Kevin McCarthy - Banc of America Securities
Thanks very much.
David N. Weidman - Chairman and Chief Executive Officer
Kevin, keep in mind that any potential recoveries on the Clear Lake insurance would not be part of our guidance. So it be additive to that.
We would adjust it that like we did in the fourth quarter. So we will be very clear and transparent when we do receive those and just to reiterate it's not in any of our guidance that we have for 2008.
Kevin McCarthy - Banc of America Securities
Understood thanks.
David N. Weidman - Chairman and Chief Executive Officer
Yes.
Operator
Your next question comes from the line of Sergey Vasnetsov from Lehman Brothers.
Sergey Vasnetsov - Lehman Brothers
Good morning.
David N. Weidman - Chairman and Chief Executive Officer
Good morning.
Sergey Vasnetsov - Lehman Brothers
David you mentioned that you have several options of cash deployment on table but you also have lot of cash in the table. In rough terms maybe $1 billion in 2008 not that you need to spend it all in one year.
But I just wanted you to maybe focus a bit more on how you think about relative priorities, all different options, acquisitions, dividend increase, share buyback and maybe debt repayments anything else.
David N. Weidman - Chairman and Chief Executive Officer
Yes, thanks Sergey. I think our view of cash is we wanted to put it to use in a way that as I said before we'll generate higher return to shareholders.
Our focus on acquisitions tends to be strategic centered the fair way, bolt-on acquisitions similar to APL or Acetex that we did in 2006. So I would say between investing in our ongoing businesses and following our strategy and if we can plan a good acquisition those would probably receive the highest focus in our pyramid of uses of cash.
The lowest on the pyramid would be debt repayment and with the type of financing that we have today and with our comfort in ongoing cash generation through the future, and the maturity that we have on the debt, the lowest priority would be debt repayment. And then somewhere in the middle would be, dividend, share buyback, and again Sergey we do have a nice cash position today.
We have a forward leaning strategy associated with acquisitions, and investment in our businesses in Asia, and the growing region of the world. And so we will continue to look at things, and have discussions with the board, as we go forward as to use of cash, excess cash beyond acquisitions.
Sergey Vasnetsov - Lehman Brothers
Okay and as a follow-up, you said the number of joint ventures and some in Asia in particular. How would you...
have any chance that you might be able to buy out your partner there?
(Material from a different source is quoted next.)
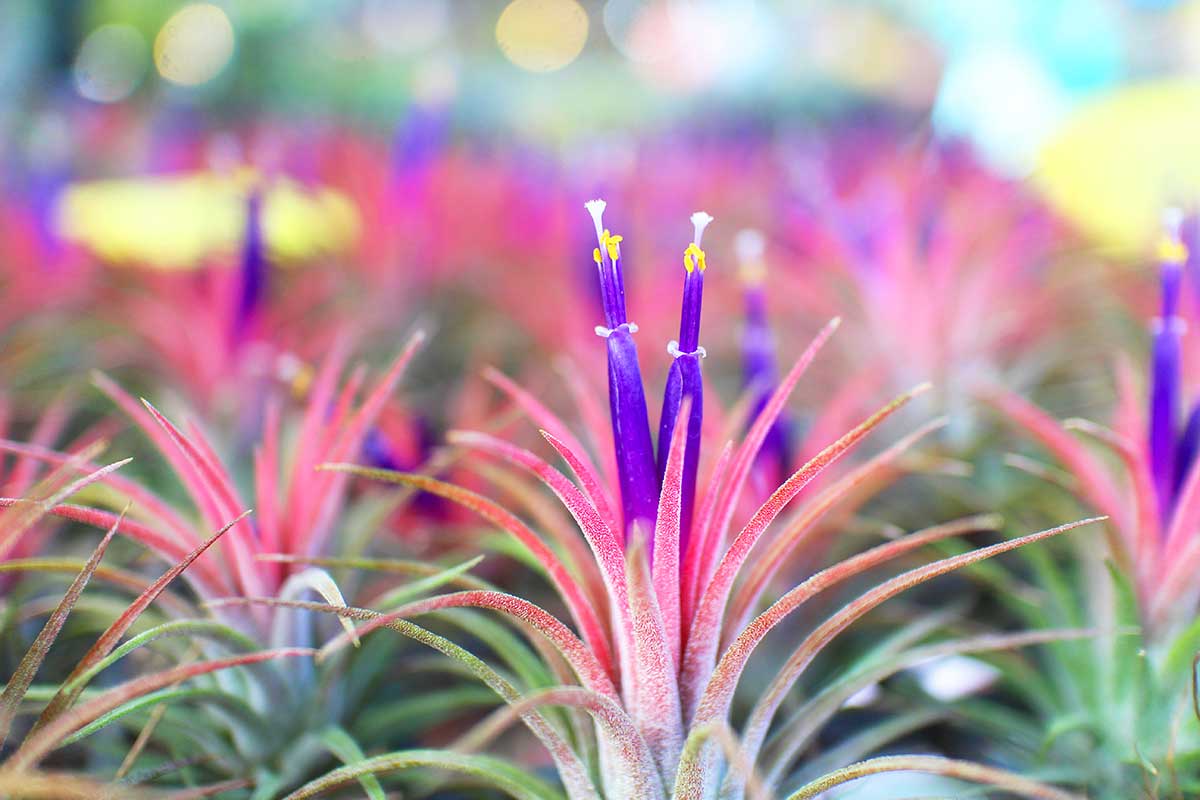 Tillandsia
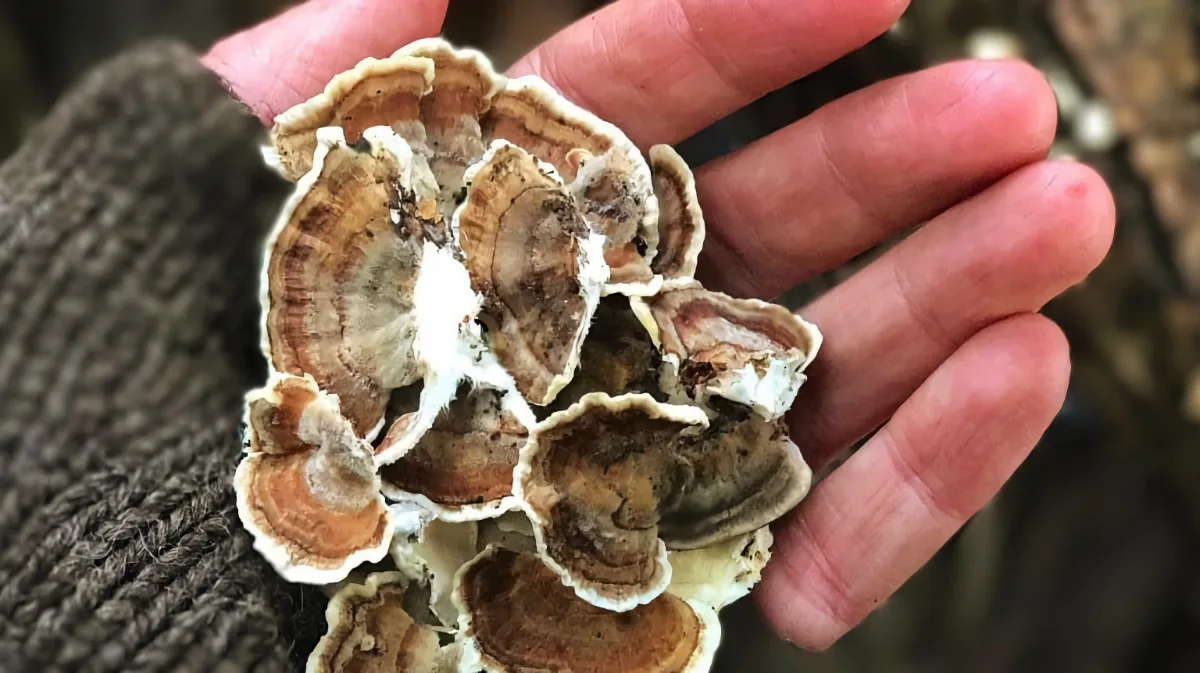 Turkey Tail Mushroom and Inflammation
David N. Weidman - Chairman and Chief Executive Officer
It's a deep desire of ours to buy these ventures out. The ventures we have put in place, particularly the ones in Ticona were put in place 40 years ago, in some cases close to 50 years ago, when the world was entirely different.
You needed a strategic partner in order to access that part of the world, and the world has changed dramatically. Customers are looking for one global experience, one solution, not a bifurcated solution.
And however the agreements are structured in a way as we have said in prior discussions that, don't give us unilateral right to buy a partner out and they are great ventures, who are generating great earnings, and great cash, and the partners at this point in time seem to not be motivated to sell. If they were, we are there.
Sergey Vasnetsov - Lehman Brothers
Thank you.
David N. Weidman - Chairman and Chief Executive Officer
Thanks Sergey.
Operator
And your next question comes from the line of Frank Mitsch from BB&T Capital Markets.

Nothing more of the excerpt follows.